*** Block opens ***

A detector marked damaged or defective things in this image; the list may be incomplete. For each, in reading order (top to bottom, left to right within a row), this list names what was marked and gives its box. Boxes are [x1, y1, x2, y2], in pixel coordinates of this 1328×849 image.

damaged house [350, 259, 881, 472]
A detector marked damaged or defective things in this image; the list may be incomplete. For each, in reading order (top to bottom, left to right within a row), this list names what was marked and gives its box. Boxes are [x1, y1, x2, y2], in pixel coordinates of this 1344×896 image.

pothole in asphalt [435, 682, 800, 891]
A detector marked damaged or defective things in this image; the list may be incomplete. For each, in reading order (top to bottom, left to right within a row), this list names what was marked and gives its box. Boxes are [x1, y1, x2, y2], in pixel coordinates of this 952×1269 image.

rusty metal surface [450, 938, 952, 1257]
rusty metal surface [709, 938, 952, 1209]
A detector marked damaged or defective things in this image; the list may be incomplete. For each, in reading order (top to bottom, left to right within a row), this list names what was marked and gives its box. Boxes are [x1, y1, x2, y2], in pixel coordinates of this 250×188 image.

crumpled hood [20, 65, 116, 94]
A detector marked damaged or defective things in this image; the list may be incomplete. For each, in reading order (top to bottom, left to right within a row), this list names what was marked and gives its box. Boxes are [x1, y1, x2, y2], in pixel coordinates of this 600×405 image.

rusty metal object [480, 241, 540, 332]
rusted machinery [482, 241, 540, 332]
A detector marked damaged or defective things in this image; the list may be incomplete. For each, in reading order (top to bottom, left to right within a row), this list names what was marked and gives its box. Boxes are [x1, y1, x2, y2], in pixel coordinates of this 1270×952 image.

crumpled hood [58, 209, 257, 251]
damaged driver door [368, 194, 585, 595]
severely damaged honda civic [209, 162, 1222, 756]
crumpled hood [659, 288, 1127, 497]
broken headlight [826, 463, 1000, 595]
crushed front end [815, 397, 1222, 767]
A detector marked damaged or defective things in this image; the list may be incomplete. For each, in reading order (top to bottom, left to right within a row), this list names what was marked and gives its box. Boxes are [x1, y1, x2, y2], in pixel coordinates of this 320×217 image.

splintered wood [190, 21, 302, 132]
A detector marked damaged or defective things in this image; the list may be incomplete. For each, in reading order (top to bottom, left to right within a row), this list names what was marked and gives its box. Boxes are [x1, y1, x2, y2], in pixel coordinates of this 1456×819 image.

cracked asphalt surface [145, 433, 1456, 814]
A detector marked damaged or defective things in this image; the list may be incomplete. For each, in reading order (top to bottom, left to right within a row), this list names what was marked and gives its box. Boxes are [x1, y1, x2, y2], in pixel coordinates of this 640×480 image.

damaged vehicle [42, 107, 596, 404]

*** Block closes ***

What you return should be only the lines from the line containing "this 640×480 image." through the end of the material above, reproduced exactly, first and last included.

A detector marked damaged or defective things in this image; the list may be incomplete. For each, in reading order (top to bottom, left to right within a row), this list names what was marked and gives its box. Boxes are [x1, y1, x2, y2], in pixel coordinates of this 640×480 image.

damaged vehicle [42, 107, 596, 404]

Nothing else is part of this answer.